From the line containing "Boxspringbett JEANETTE- Liegefläche" to the line containing "10 TON DENISON" in the entries below, reproduce every line exactly, ends included. Nothing else belongs in the copy, and no pictures.

[Data supplied — start]

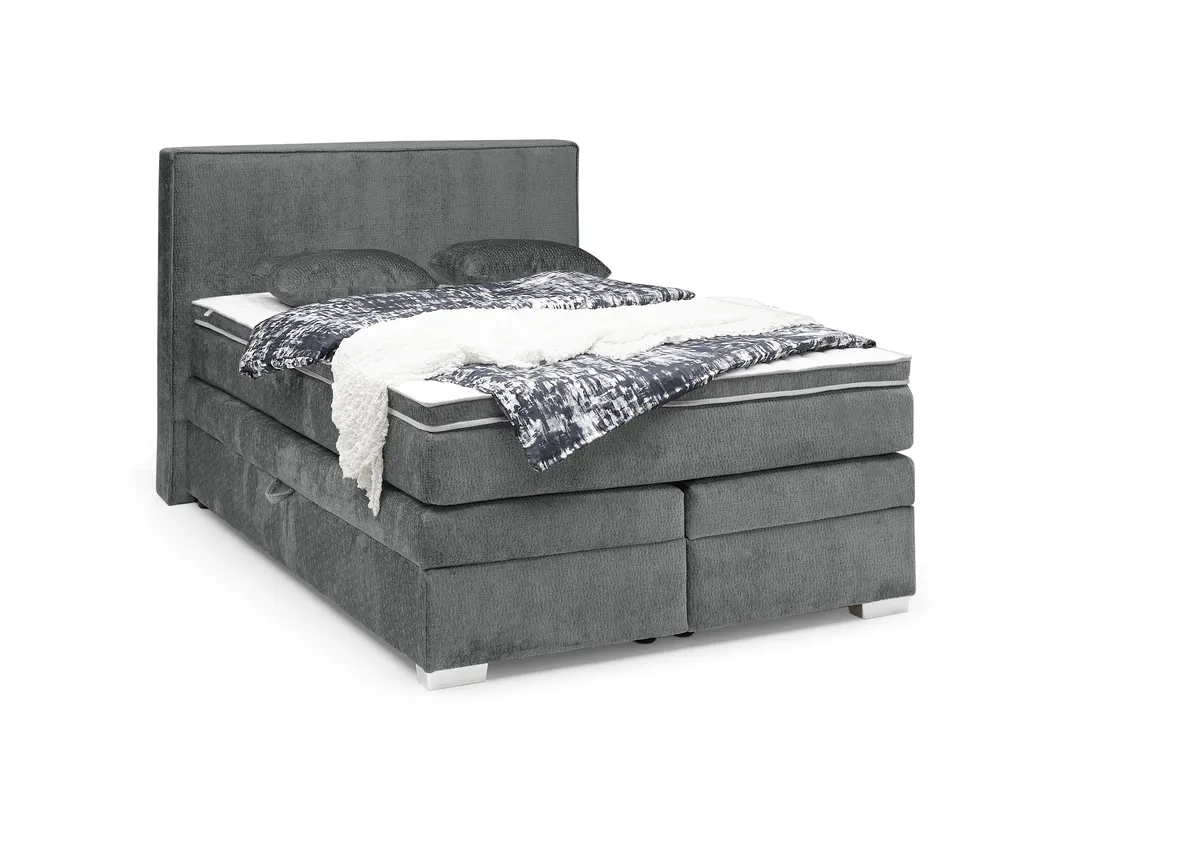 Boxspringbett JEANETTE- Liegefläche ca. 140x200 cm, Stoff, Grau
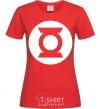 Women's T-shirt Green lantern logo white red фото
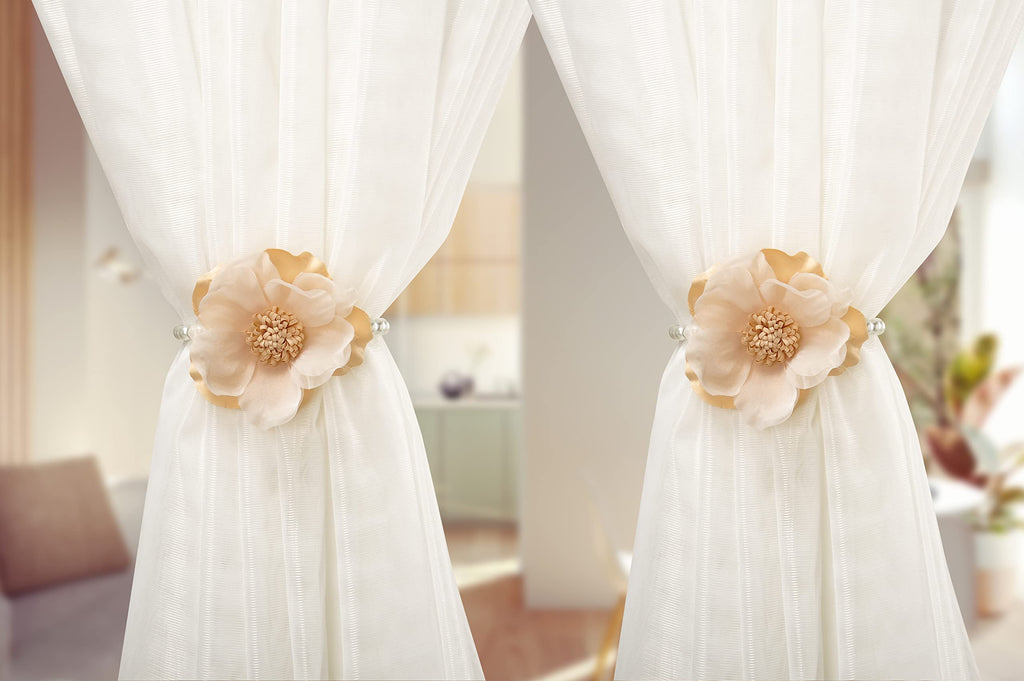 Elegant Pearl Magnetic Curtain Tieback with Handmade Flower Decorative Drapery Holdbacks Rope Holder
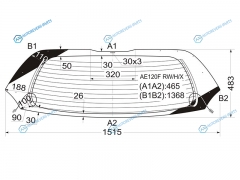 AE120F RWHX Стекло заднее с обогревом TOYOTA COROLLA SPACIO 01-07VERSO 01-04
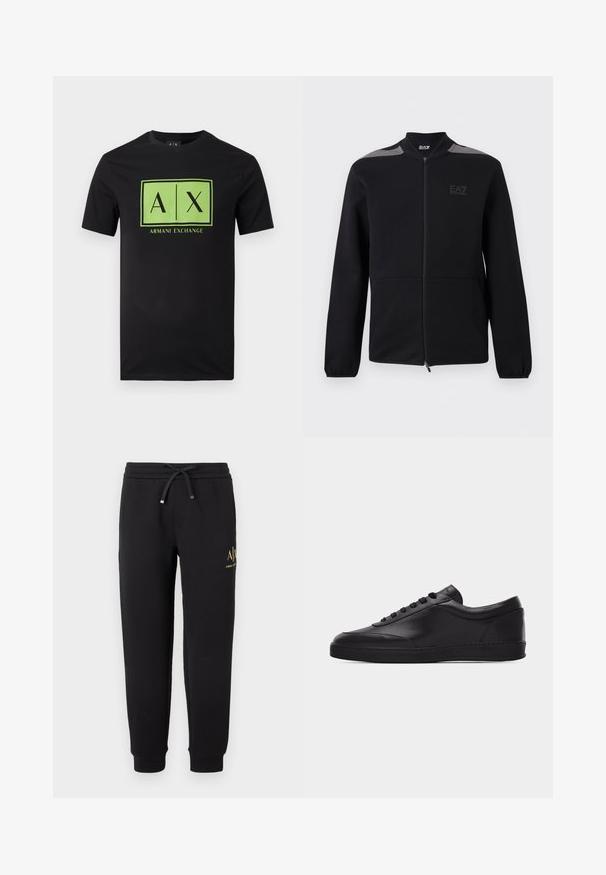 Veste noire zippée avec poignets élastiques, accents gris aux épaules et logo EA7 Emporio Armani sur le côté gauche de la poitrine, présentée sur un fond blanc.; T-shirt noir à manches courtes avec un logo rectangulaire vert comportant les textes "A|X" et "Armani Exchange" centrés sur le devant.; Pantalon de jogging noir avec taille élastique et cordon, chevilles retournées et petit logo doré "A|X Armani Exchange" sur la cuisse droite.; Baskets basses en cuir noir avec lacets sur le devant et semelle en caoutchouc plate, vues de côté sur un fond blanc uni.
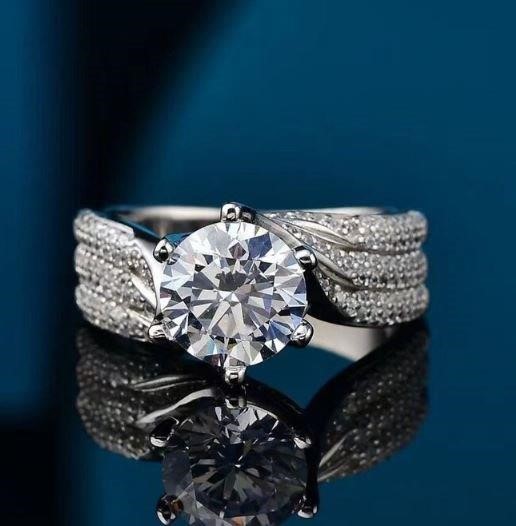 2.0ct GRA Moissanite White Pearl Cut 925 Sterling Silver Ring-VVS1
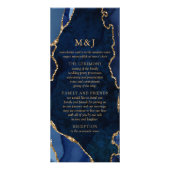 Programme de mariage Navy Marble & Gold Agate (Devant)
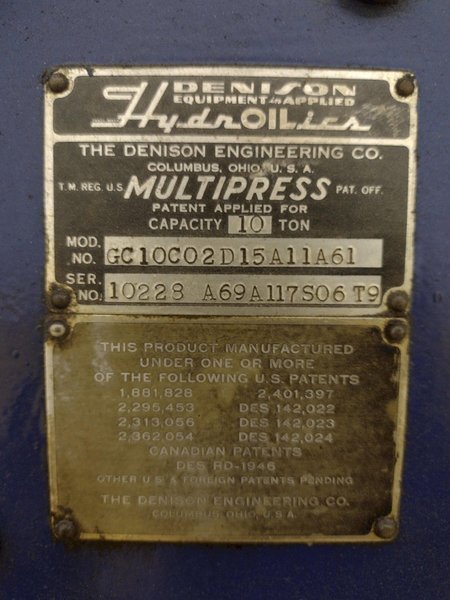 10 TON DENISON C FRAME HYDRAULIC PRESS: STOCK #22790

[Data supplied — finish]
[Data supplied — start]

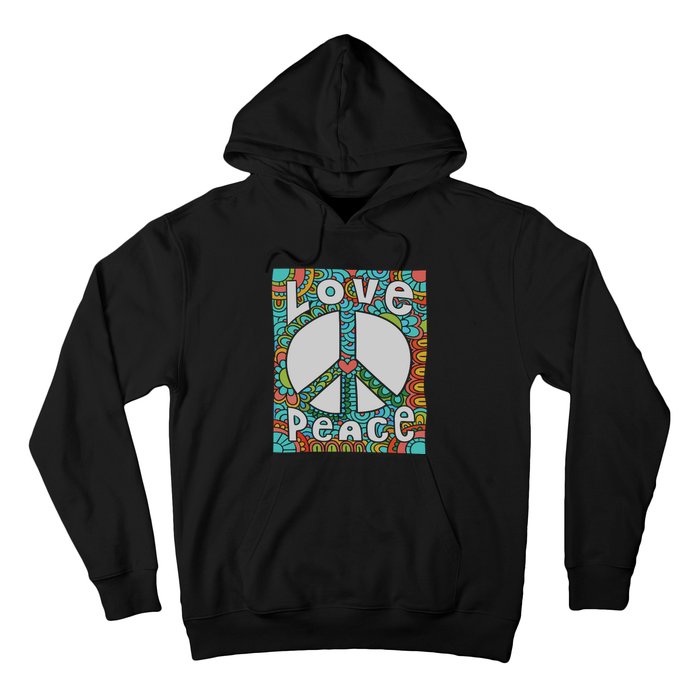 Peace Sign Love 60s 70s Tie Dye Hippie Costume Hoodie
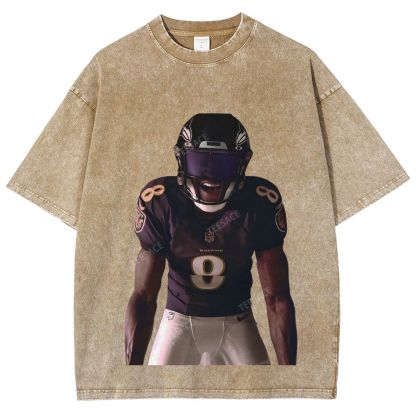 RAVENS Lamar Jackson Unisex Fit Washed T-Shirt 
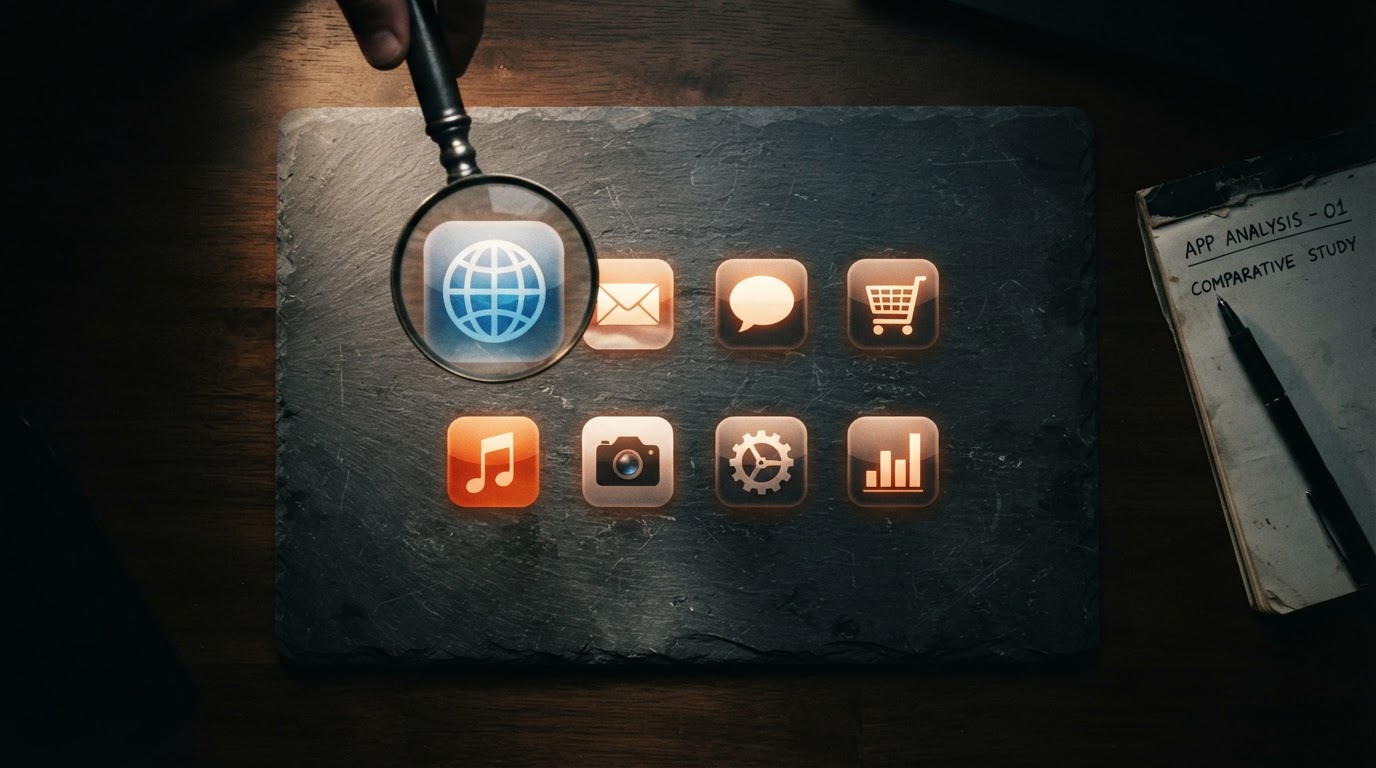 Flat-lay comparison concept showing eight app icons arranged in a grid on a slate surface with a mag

[Data supplied — finish]

• **Result of this exercise**:
 Boxspringbett JEANETTE- Liegefläche ca. 140x200 cm, Stoff, Grau
 Women's T-shirt Green lantern logo white red фото
 Elegant Pearl Magnetic Curtain Tieback with Handmade Flower Decorative Drapery Holdbacks Rope Holder
 AE120F RWHX Стекло заднее с обогревом TOYOTA COROLLA SPACIO 01-07VERSO 01-04
 Veste noire zippée avec poignets élastiques, accents gris aux épaules et logo EA7 Emporio Armani sur le côté gauche de la poitrine, présentée sur un fond blanc.; T-shirt noir à manches courtes avec un logo rectangulaire vert comportant les textes "A|X" et "Armani Exchange" centrés sur le devant.; Pantalon de jogging noir avec taille élastique et cordon, chevilles retournées et petit logo doré "A|X Armani Exchange" sur la cuisse droite.; Baskets basses en cuir noir avec lacets sur le devant et semelle en caoutchouc plate, vues de côté sur un fond blanc uni.
 2.0ct GRA Moissanite White Pearl Cut 925 Sterling Silver Ring-VVS1
 Programme de mariage Navy Marble & Gold Agate (Devant)
 10 TON DENISON C FRAME HYDRAULIC PRESS: STOCK #22790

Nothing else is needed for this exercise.